* **Exercise input**
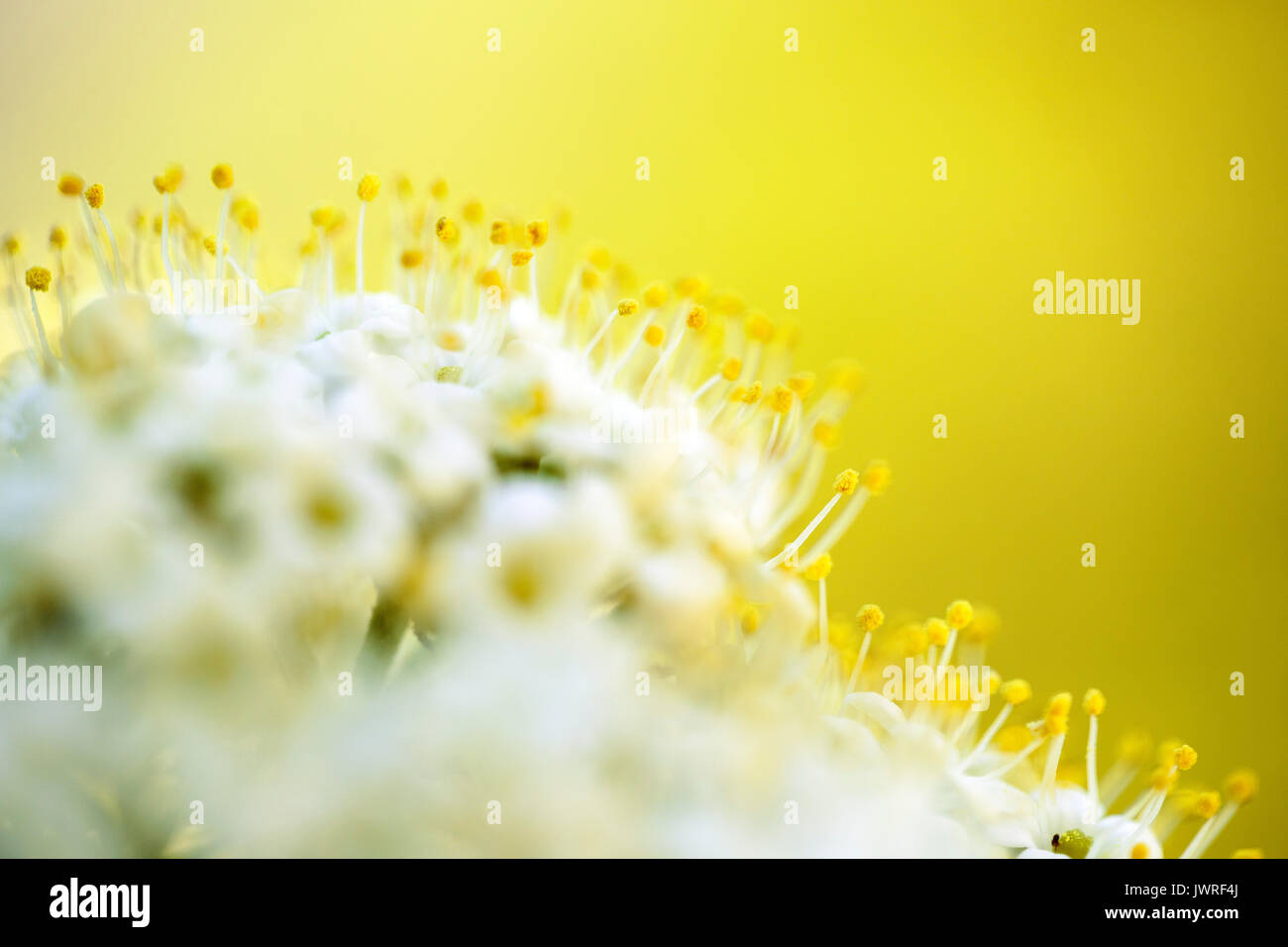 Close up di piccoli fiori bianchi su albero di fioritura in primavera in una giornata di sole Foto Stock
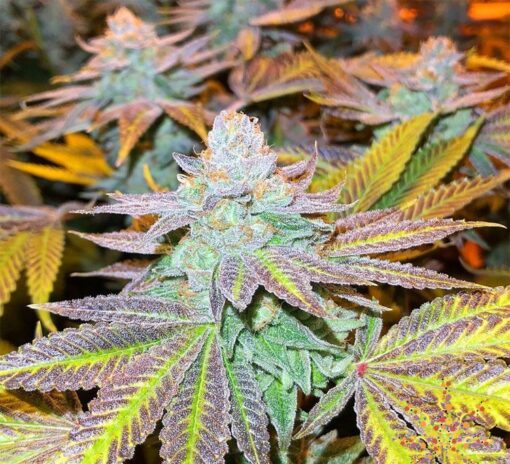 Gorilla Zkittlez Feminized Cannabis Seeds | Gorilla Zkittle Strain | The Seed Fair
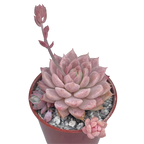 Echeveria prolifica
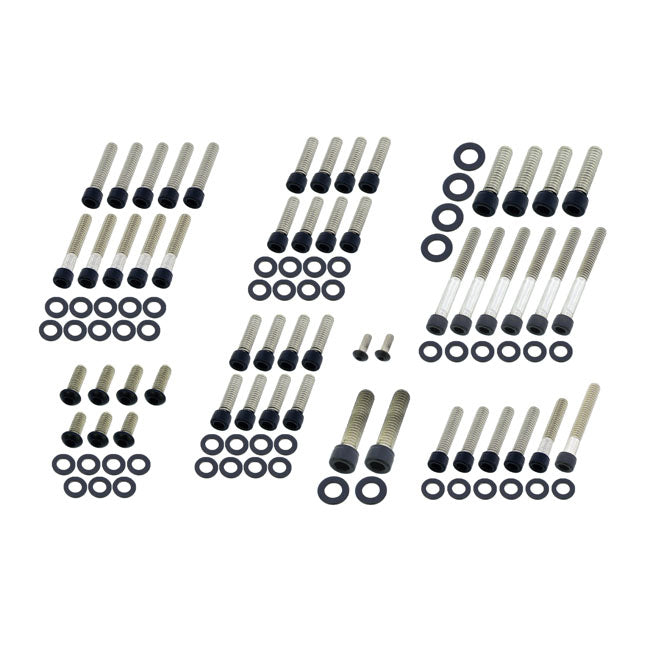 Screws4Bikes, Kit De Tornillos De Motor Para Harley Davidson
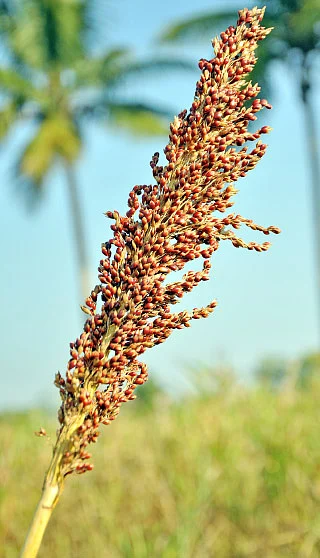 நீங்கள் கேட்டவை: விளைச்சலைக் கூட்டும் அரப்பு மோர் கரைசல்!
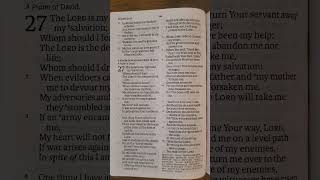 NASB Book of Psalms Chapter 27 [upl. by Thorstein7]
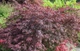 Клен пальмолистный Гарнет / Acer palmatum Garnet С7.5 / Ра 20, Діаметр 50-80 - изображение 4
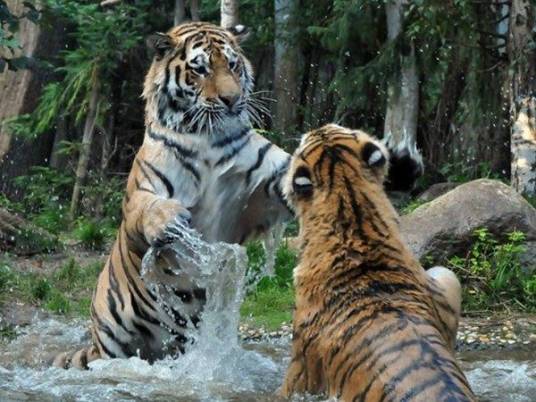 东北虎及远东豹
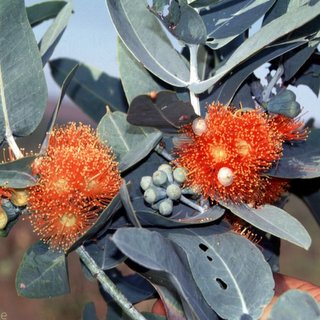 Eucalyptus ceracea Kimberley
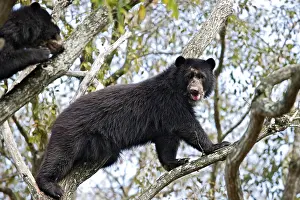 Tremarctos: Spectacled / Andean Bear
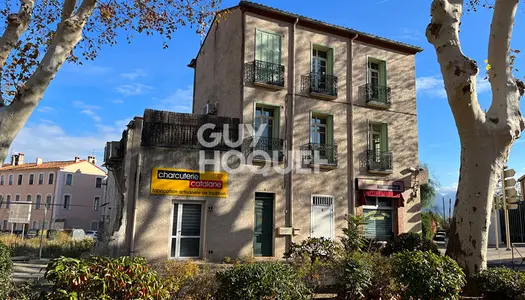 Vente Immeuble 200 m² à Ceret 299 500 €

* **Problem to work on**
The line containing "NASB Book of" marks the start: set down exactly that line and every line after it through the last line of the data, without any pictures.

* **Result of this task**
 NASB Book of Psalms Chapter 27 [upl. by Thorstein7]
 Клен пальмолистный Гарнет / Acer palmatum Garnet С7.5 / Ра 20, Діаметр 50-80 - изображение 4
 东北虎及远东豹
 Eucalyptus ceracea Kimberley
 Tremarctos: Spectacled / Andean Bear
 Vente Immeuble 200 m² à Ceret 299 500 €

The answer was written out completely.